Activity = What you return should match the data below exactly, with no pictures in it.

Collected data:

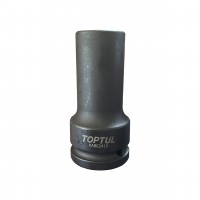 Головка TopTul 3/4" 21мм удлиненная ударная KABE2421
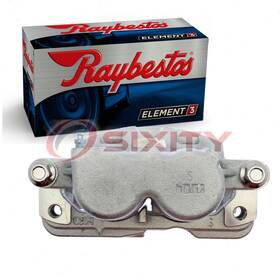 Sx-zbb4 Raybestos Brakes Element3 Front Right Disc Brake Caliper For 2003-2008 Chevrolet Qt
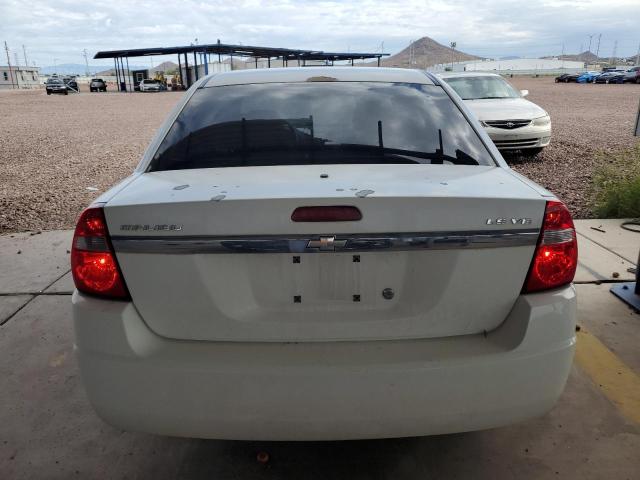 2006 Chevrolet Malibu Ls VIN: 1G1ZS51866F286793 Lot: 60932994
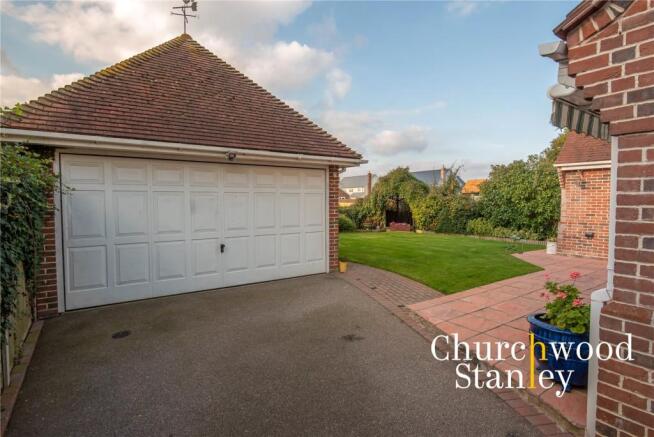 Double Garage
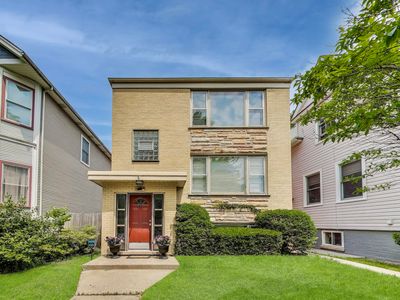 1021 South Blvd, Evanston, IL, 60202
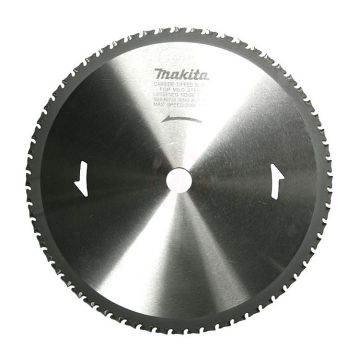 Makita Metal Daire Testere 305x25,4 mm 60 Diş (A-86723)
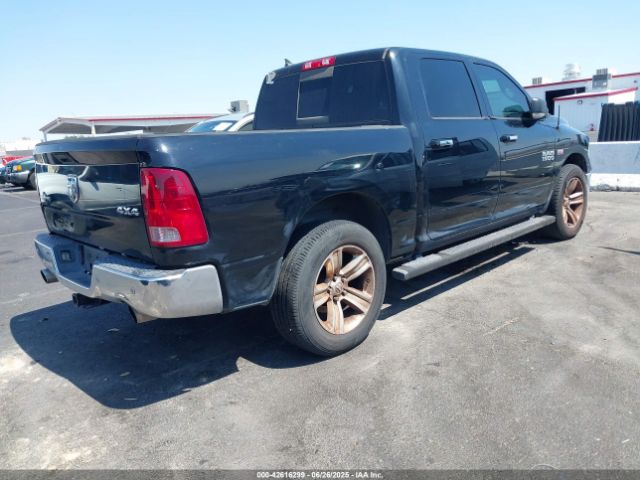 2014 RAM 1500 1C6RR7LT4ES420780 Photo 3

Task answer =
 Головка TopTul 3/4" 21мм удлиненная ударная KABE2421
 Sx-zbb4 Raybestos Brakes Element3 Front Right Disc Brake Caliper For 2003-2008 Chevrolet Qt
 2006 Chevrolet Malibu Ls VIN: 1G1ZS51866F286793 Lot: 60932994
 Double Garage
 1021 South Blvd, Evanston, IL, 60202
 Makita Metal Daire Testere 305x25,4 mm 60 Diş (A-86723)
 2014 RAM 1500 1C6RR7LT4ES420780 Photo 3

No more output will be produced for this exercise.